Using the tools of urbane high jinks, slapstick comedy, and witty romantic banter, filmmakers such as Capra, Howard Hawks, and Preston Sturges offered social commentary dressed up as popcorn entertainment. Stanley Cavell has written about how these comedies of remarriage reimagined the relationships between sexes, with women given equal footing with men as smart, classy, independent creatures — Katherine Hepburn was as adept at cutting repartee as Cary Grant. Many of these movies also flipped class structure – the department-store owner hanging with his employees, pouring coca cola into a glass of rare wine and discovering it really does taste better. It’s a Wonderful Life offers a blistering critique of Big Money and corporate banks and a plea for small, family-owned businesses. This is not old-fashioned mawkishness: In the TV show The Newsroom, Olivia Munn’s character uses Capra’s film to explain to Emily Mortimer’s the basis and importance of the Glass-Steagall Act.

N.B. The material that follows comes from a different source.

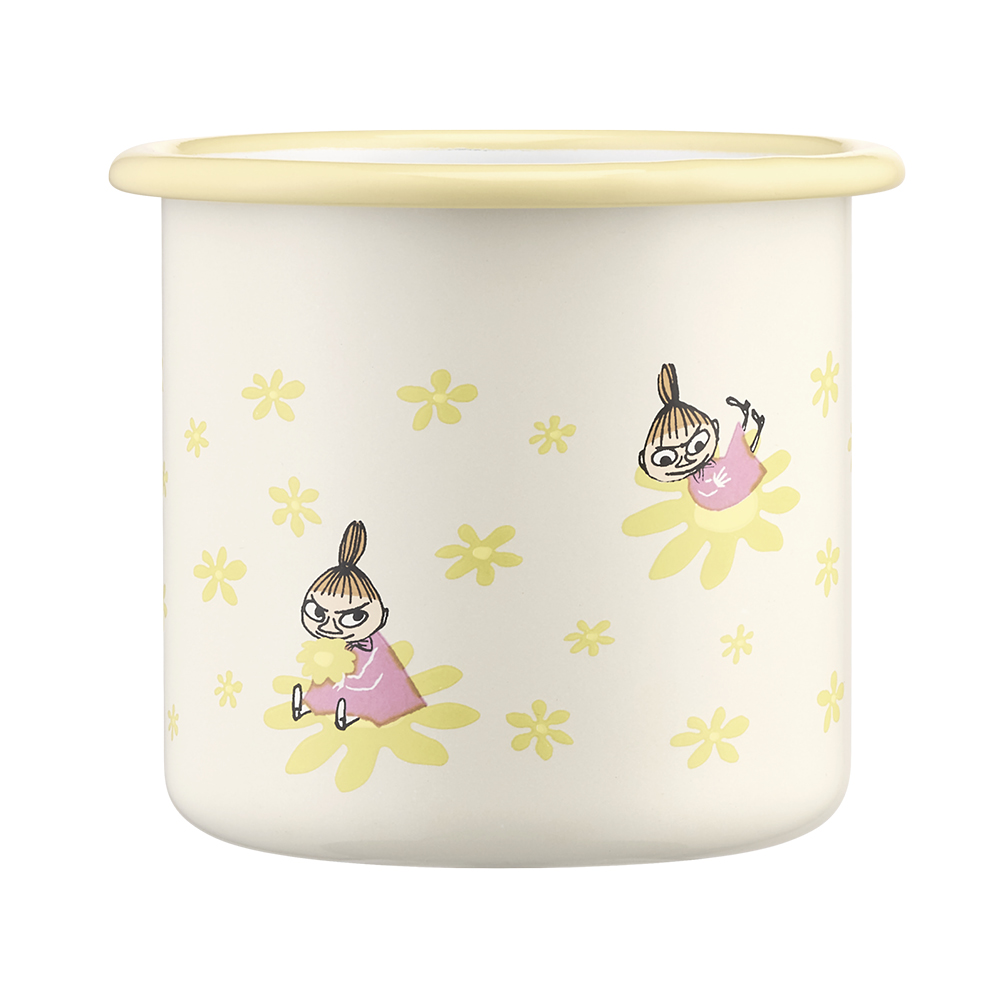 Muurla Mummikopp emalje 37 cl Lille My blomster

It’s a Wonderful Life was released in 1946 – scarcely a wonderful time in world history. It pretty much bombed back then, but it has become perhaps the most beloved movie in all of American cinema. That was the decade Mama’s son Leon was injured at Iwo Jima and she survived a double mastectomy. This movie, like all the screwball comedies, offered a vision of the way things could, and should, be, not the way they were. It provided relief, comfort, a good laugh, and hope, all while pointedly critiquing the evil of capitalism gone awry.
That was 70 years ago. On Friday night, you can relive that first run, when the San Pedro International Film Festival shows It’s a Wonderful Life on the big screen at the historic Warner Grand Theater. I probably don’t need to point out how appropriate this film is to this moment in time, how it’s an example of art that speaks to, and not down to, multiple constituents who feel disenfranchised in our current society, while always keeping its thumb firmly on the real villain. Or how we need its humor, its love, its screwball hope.
I used to see Mama watching It’s a Wonderful Life, but I never once sat down and watched it with her from start to finish – just as my son never watches it with me. I wish I had asked her what she got from it, if she felt keenly its affirmation of rootedness – of characters who may dream of the travel they see in posters – of lassoing the stars — but in fact never leave home, and live happily ever after.
The sun finally broke through days of gray skies yesterday morning.